There are solid reasons why the privilege ought not be extended to allow a plaintiff to publicize his own complaint by the issuance of a press release. If such action were permitted, a plaintiff, under the guise of reporting a judicial proceeding, would be able to engage freely in defamation and to publicize his defamatory statements beyond what normally might be the situation if the news media were not furnished the press release. It is one thing to acknowledge that there may be a public benefit which warrants affording newspapers virtual immunity from liability for defamation in reporting the contents of pleadings filed in court.1 It is another thing to say that a plaintiff should be permitted to broadcast the contents of his own complaint, thereby inviting newspapers to publish what they might not otherwise publish. Such permission, if allowed to a plaintiff, would beget gross abuses of a privilege without any corresponding public benefit. Further, as stated by the plaintiffs in this case, no public interest warrants a plaintiff in taking steps to maximize the publication of his defamatory allegations at the moment when the proceeding is instituted, before the publication can be tempered through judicial action or the filing of opposing material.

Finally, even if Brink’s was qualifiedly privileged in issuing its press release, ADT’s complaint alleged actual malice, and the allegation was supported by, among other things, a letter written by Brink’s president to the president of Brink’s parent corporation which disclosed impermissible motives for the issuance of the press release. In my view *137the press release and the supporting materials created an issue of fact as to malice2 which should not have been resolved against ADT on the basis of the pleadings and a subsequent self-serving affidavit executed by Brink’s president.

I would reverse.

Rehearing denied.

KILEY, SWYGERT and CUMMINGS, Circuit Judges, vote to grant the petition for rehearing en banc.

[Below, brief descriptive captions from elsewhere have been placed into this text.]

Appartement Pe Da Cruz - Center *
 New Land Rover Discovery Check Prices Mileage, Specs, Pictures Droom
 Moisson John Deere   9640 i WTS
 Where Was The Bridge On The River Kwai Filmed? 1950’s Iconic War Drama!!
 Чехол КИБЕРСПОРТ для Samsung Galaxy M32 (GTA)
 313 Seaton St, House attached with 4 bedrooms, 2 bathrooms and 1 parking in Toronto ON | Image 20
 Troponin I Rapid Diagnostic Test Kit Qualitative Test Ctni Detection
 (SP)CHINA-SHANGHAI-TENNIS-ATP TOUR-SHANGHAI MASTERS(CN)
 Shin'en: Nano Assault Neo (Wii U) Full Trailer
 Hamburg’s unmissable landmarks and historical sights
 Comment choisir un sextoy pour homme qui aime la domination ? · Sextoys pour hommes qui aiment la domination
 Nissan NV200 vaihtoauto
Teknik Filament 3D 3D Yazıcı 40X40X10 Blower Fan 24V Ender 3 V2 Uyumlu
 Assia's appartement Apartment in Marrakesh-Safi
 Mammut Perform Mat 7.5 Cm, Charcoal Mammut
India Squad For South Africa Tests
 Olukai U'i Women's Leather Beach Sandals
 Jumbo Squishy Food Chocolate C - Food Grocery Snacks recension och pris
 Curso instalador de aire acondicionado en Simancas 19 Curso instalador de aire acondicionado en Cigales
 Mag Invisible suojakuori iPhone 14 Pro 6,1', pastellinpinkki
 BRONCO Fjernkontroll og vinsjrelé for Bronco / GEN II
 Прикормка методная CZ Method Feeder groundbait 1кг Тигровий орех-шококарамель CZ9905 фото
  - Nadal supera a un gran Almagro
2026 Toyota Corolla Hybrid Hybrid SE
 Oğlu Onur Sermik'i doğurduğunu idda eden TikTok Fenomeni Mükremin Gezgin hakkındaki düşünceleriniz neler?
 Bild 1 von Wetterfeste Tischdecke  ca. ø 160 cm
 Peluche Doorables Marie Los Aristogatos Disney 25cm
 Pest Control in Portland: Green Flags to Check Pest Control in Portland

. The cases in which the courts have adopted the Campbell rule have been suits against newspapers. E.g., Langford v. Vanderbilt Univ., 199 Tenn. 389, 287 S.W.2d 32 (1956); Shiver v. Valdosta Press, 82 Ga.App. 406, 61 S.E.2d 221 (1950); Paducah Newspapers, Inc. v. Bratcher, 274 Ky. 220, 118 S.W.2d 178 (1938); Lybrand v. State Co., 179 S.C. 208, 184 S.E. 580, 104 A.L.R. 1118 (1936). One case, Phillips v. Murchison, 252 F.Supp. 513 (S.D.N.Y.1966), has held that a plaintiff in a civil suit is privileged in distributing a press release relating to the filing of his complaint. That case not only followed the New York [Campbell] rule, but also a New York statute which makes the privilege applicable to “any person.”

. Dean Prosser suggests that the term “malice” is inappropriate to describe the abuse of a privilege of publication. He states: “Perhaps the statement which best fits the decided eases is that the court will look to the primary motive or purpose by which the defendant apparently is inspired. Discarding ‘malice’ as a meaningless and quite unsatisfactory term, it appears that the privilege is lost if the publication is not made primarily for the purpose of furthering the interest which is entitled to protection.” W. Prosser, Law of Torts 821 — 22 (3rd ed. 1964).